[Short descriptive text snippets]
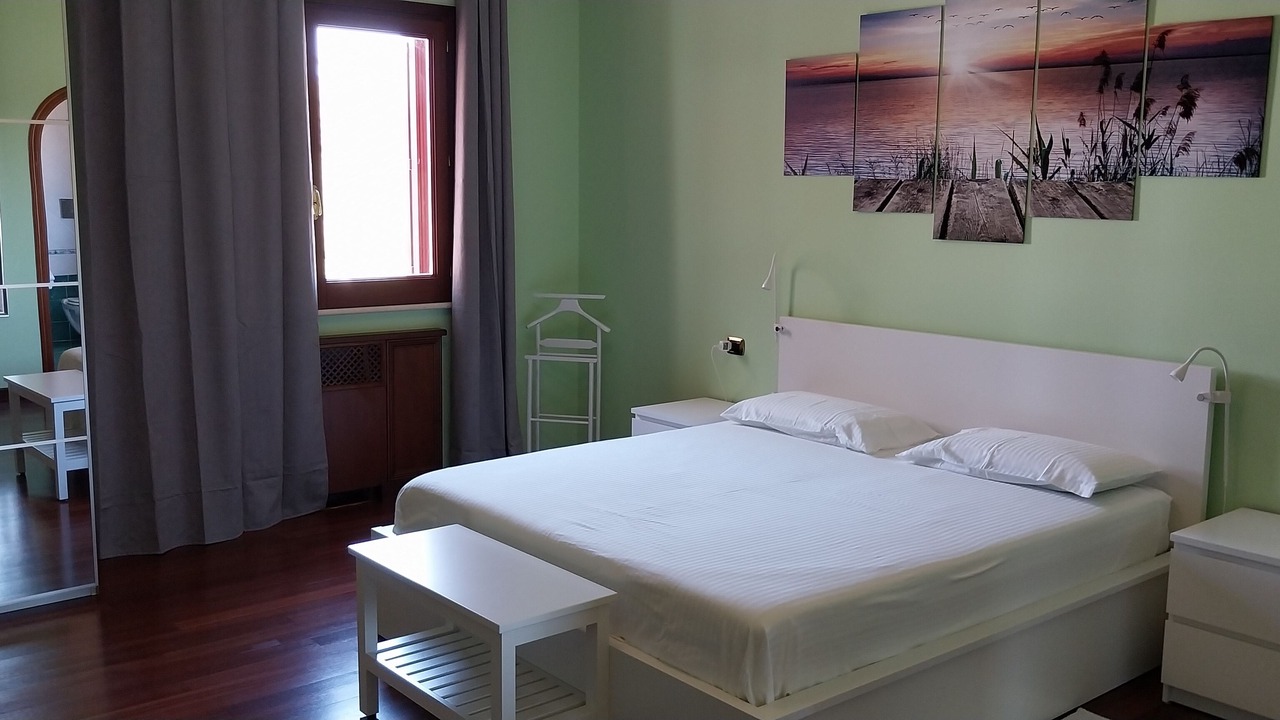 Photo of Bedroom in Tiche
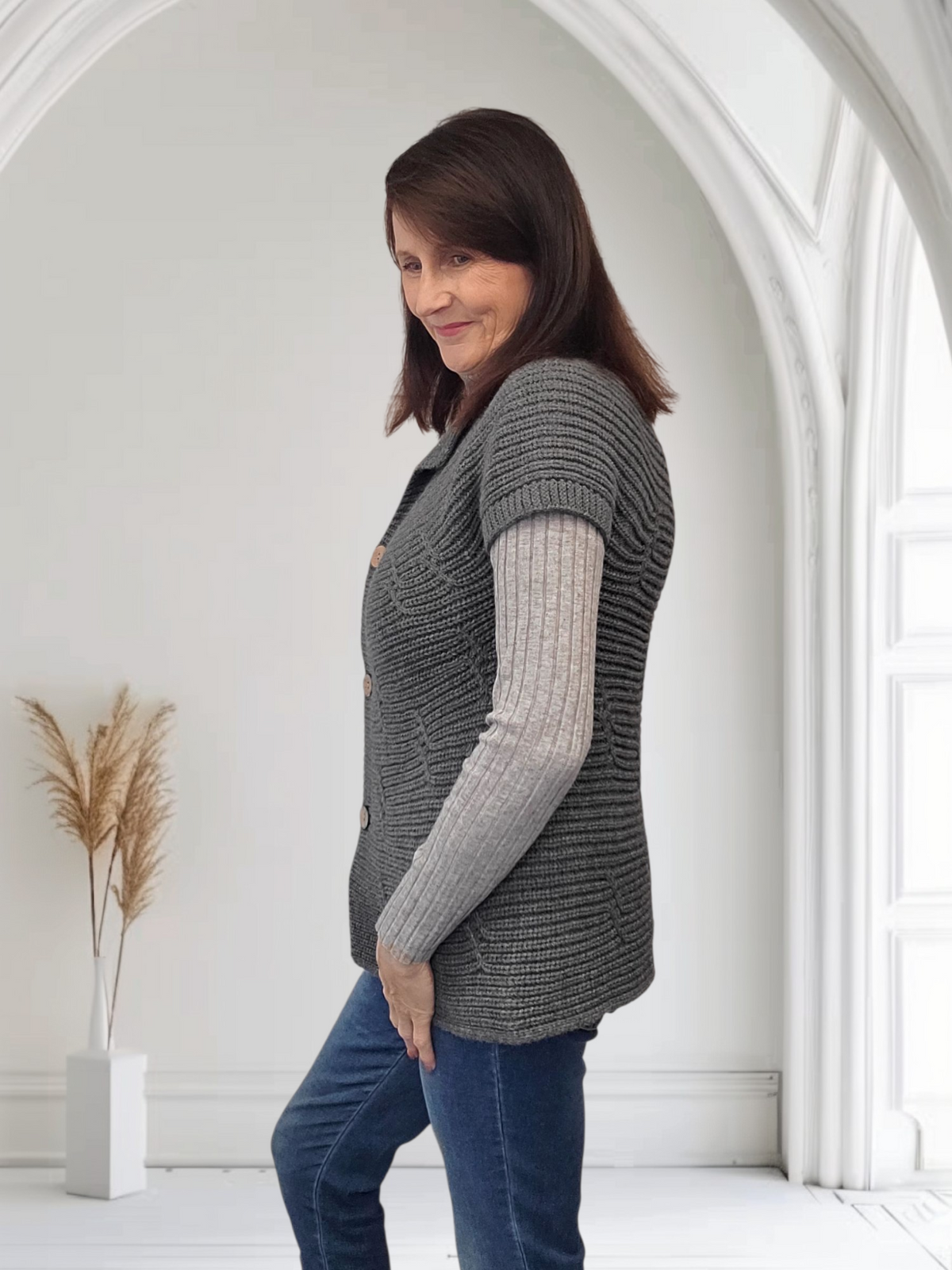 Amy Women’s Ribbed Knit Waistcoat Size 12/16 - Couture Boutique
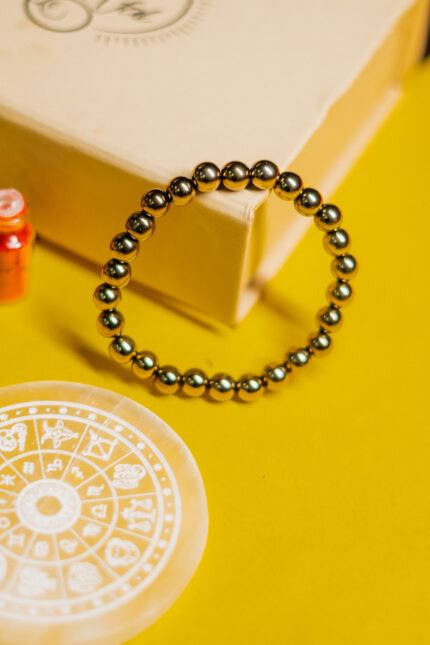 Raw pyrite bracelet by shrifal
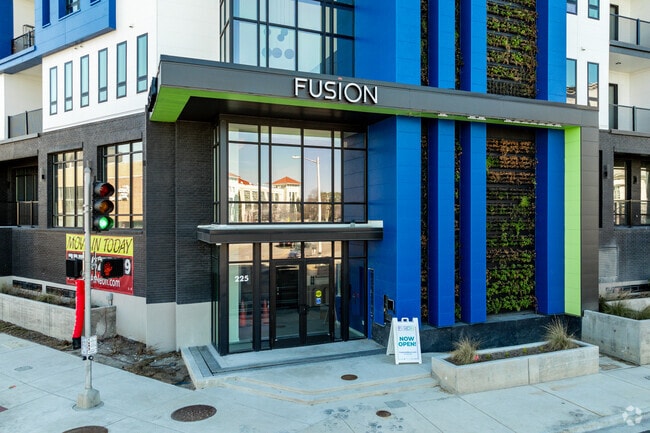 Entrada - Fusion at Neon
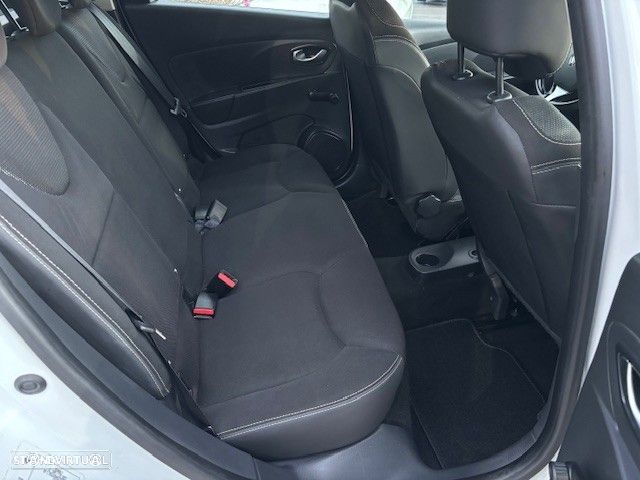 Renault Clio Sport Tourer dCi 75 Expression - 13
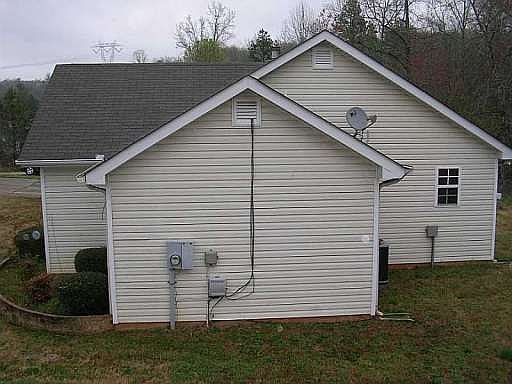 4th image of 2635 Glendale Dr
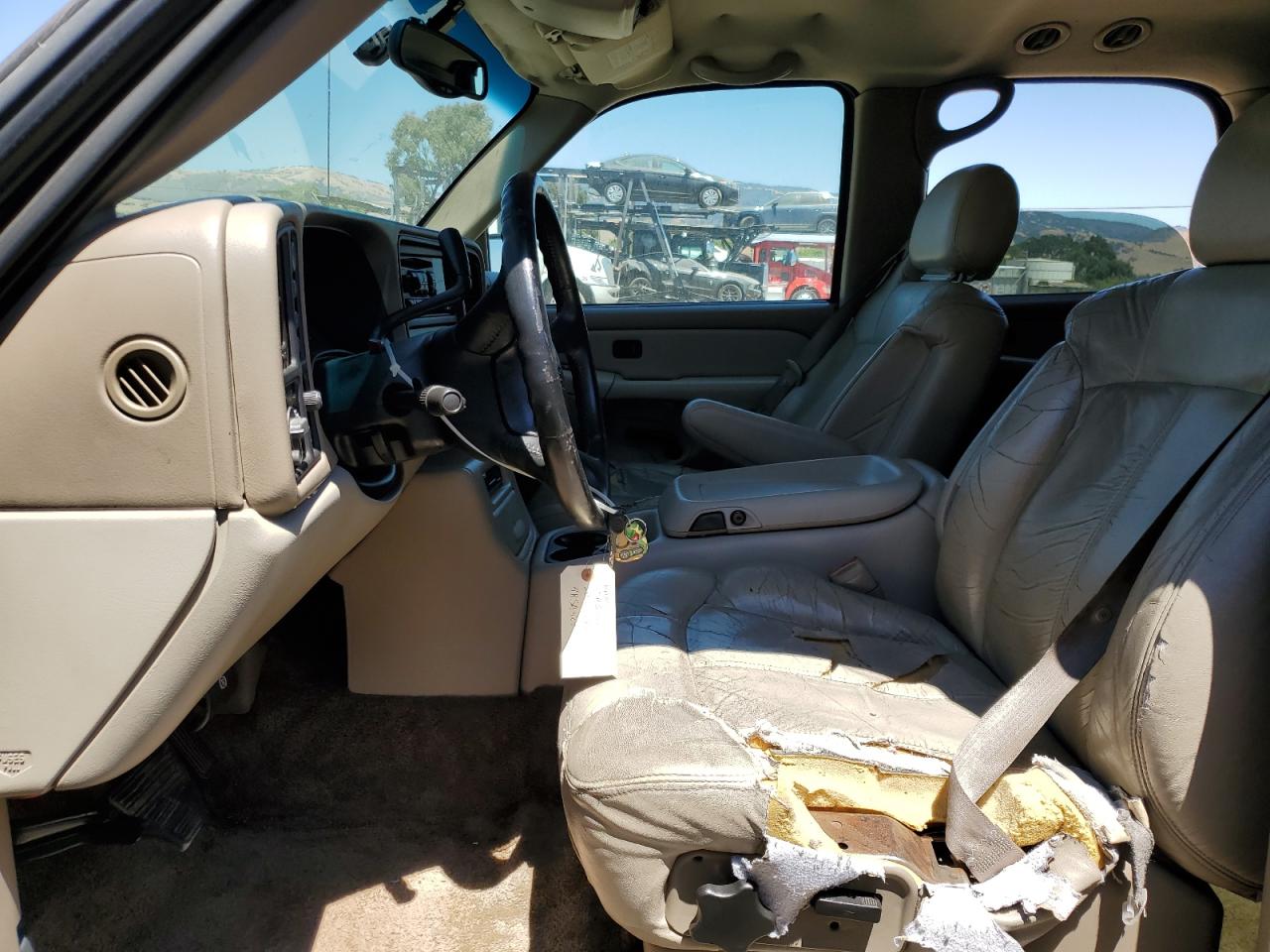 2001 Chevrolet Tahoe K1500 VIN: 1GNEK13T11R120597 Lot: 63470314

_What you are asked to do:_ All lines from the one containing "Renault Clio Sport" to the last line of the data above, both included, should be printed exactly, and the pictures should not appear.

_Problem solution:_
 Renault Clio Sport Tourer dCi 75 Expression - 13
 4th image of 2635 Glendale Dr
 2001 Chevrolet Tahoe K1500 VIN: 1GNEK13T11R120597 Lot: 63470314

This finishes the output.